ハリー・ポッターと不死鳥の騎士団(第6章後半)

クリーチャーがつぶやく。
タペストリーが捨てられてしまったら、奥様はクリーチャーめを決してお許しにならない。七世紀もこの家に伝わるものを」
シリウスがそれを聞きつけ、「もし取り外せるなら、わたしは必ずそうする。クリーチャー、さあ、立ち去れ」とののしる。
クリーチャーも負けていない。
「アズカバン帰りがクリーチャーに命令する。ああ、おかわいそうな奥様。いまのお屋敷の様子をごらんになったら、なんと仰せになることか」と皮肉をつぶやく。
シリウスとクリーチャー、お互いに、相手の姿を見るだけでイライラするという存在なのだ。どっちも気の毒ではある。でも、もしどちらかから歩み寄れるとすれば、立場の強いシリウスの方が歩み寄るべきなのだ。そのことは、「死の秘宝」で証明される。

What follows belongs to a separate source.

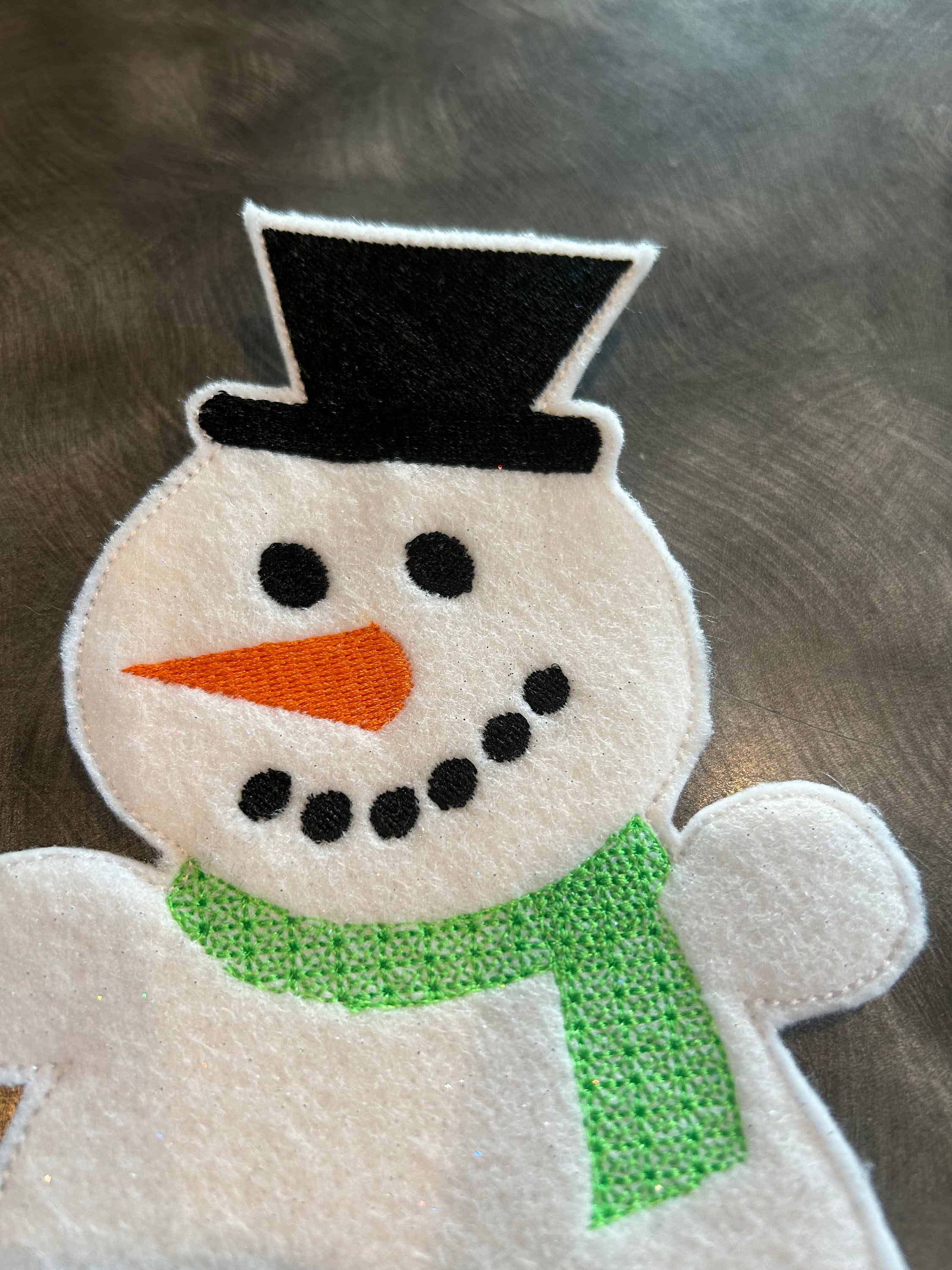 (Set of 2pcs)Personalized Snowman with Pocket That Will Hold Candy, Money Or A Standard Gift Card Snuggly, Perfect As A Place Setting Or Teacher Gift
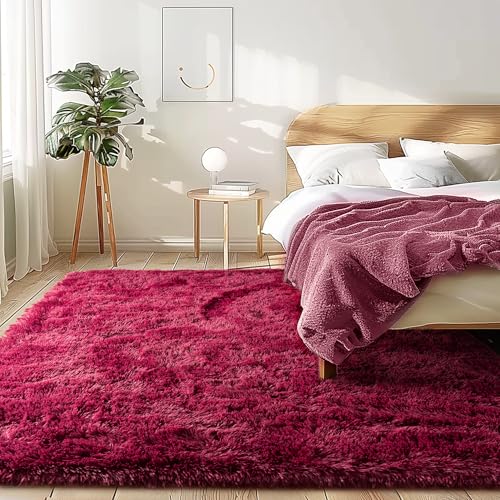 5x7 Rugs for Living Room - 1.4" Height Pile Plush Rug - Non-Slip Fluffy Throw Carpet for Bedroom - Burgundy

ハリーはシリウスと一緒に、クリーチャーが守ろうとしているタペストリーを見る。それはブラック家の家系図だった。
イギリスの旧家では、こんなふうに家系図を壁にかざる習慣があるのだろうか? それとも、この物語だけの設定なのか?
ハリーは、ここでシリウスから彼の家族のことを聞く。

シリウスは母親と不仲で、16歳の時に家出し、学校の夏休みにはハリーの父の家に滞在していた(「日本語訳の「キャンプした」は誤訳)。17歳になったら一人暮らしを始めた。あとでわかるが、魔法界では17歳からが成人年齢なのだ。叔父のアルファードが、シリウスに遺産を残してくれていた。シリウスの母はシリウスの名もアルファードの名も、家系図から消した。

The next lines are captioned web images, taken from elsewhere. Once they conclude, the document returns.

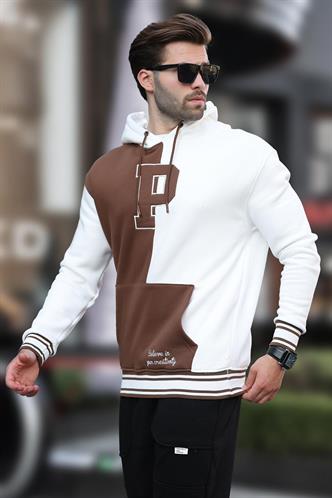 Ekru Renk Bloklu Kapüşonlu Baskılı Erkek Sweatshirt 7078
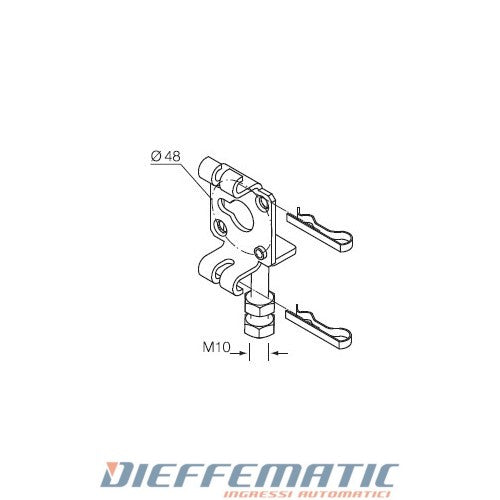 Nice 525.10042 Supporto Standard Regolabile Con Vite 10 Mm X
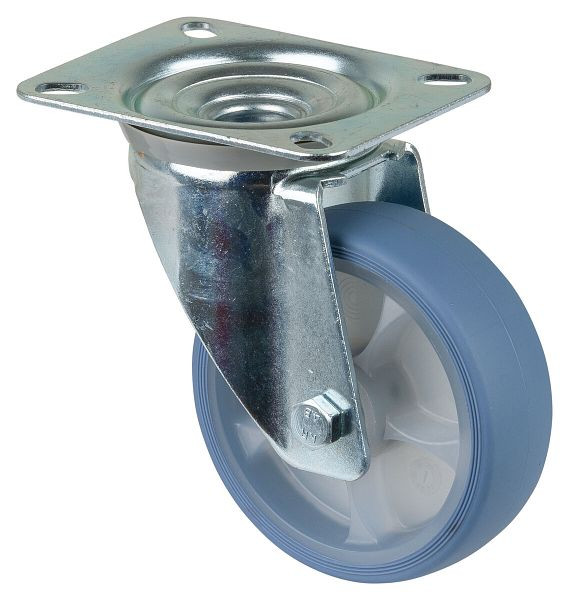 BS rollen transportwiel zwenkwiel, thermoplastisch rubberen wiel, lichtblauwe band, rollager, plaat, diameter: 100 mm, VE 4 stuks, L400.B44.101.05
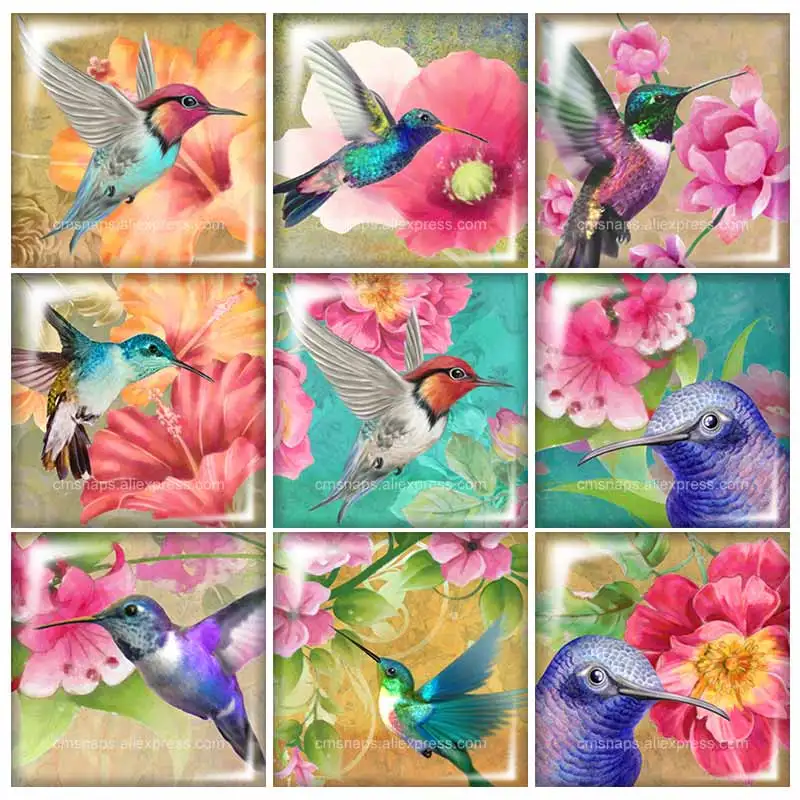 

Beauty Flower Birds Hummingbird Square glass cabochon 10pcs 12mm/20mm/25mm/30mm Size flat back DIY Jewelry Findings Components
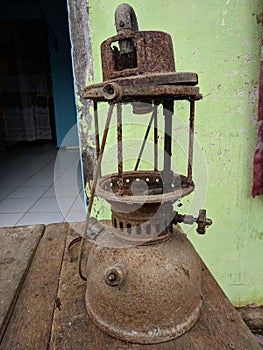 old petromax lamps worn out by time like antiques photo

シリウスにはレギュラスという名の弟がいて、15年ほど前に死亡している。シリウスの両親は死喰い人ではなかったが、ヴォルデモートの考えに賛成の立場だった。レギュラスは死喰い人に加わったが、ある時点で身を引こうとしてヴォルデモートに殺された。そうシリウスは説明した。
レギュラスがどのように死んだか、ハリーと読者が知るのは「死の秘宝」10章だ。そこでのクリーチャーの話では、レギュラスは人知れず死んだはずで、そのことはヴォルデモートも知らない。いったいどんな形で、魔法界は彼の死を知ったのだろう?

タペストリーの名前でここで出てくるのは、フィニアス・ナイジェラス、アラミンタ・メリフルア、エラドーラ、アンドロメダ、ベラトリックス、ナルシッサ。ナルシッサの夫になったルシウス・マルフォイと、息子ドラコも家系図にある。
フィニアス・ナイジェラスのことを「ホグワーツの歴代に校長の中で、いちばん人望がなかった」とシリウスが言う。ここを読んだときは、自分の家系を憎んでいるシリウスの偏見だと思った。しかし23章でフィニアスの肖像画が「これだから、わたしは教師をしていることが身震いするほどいやだった!」と言うのを読み、教師というしごとを愛することができなかったのなら、人望がなかったのも本当だろうと納得した。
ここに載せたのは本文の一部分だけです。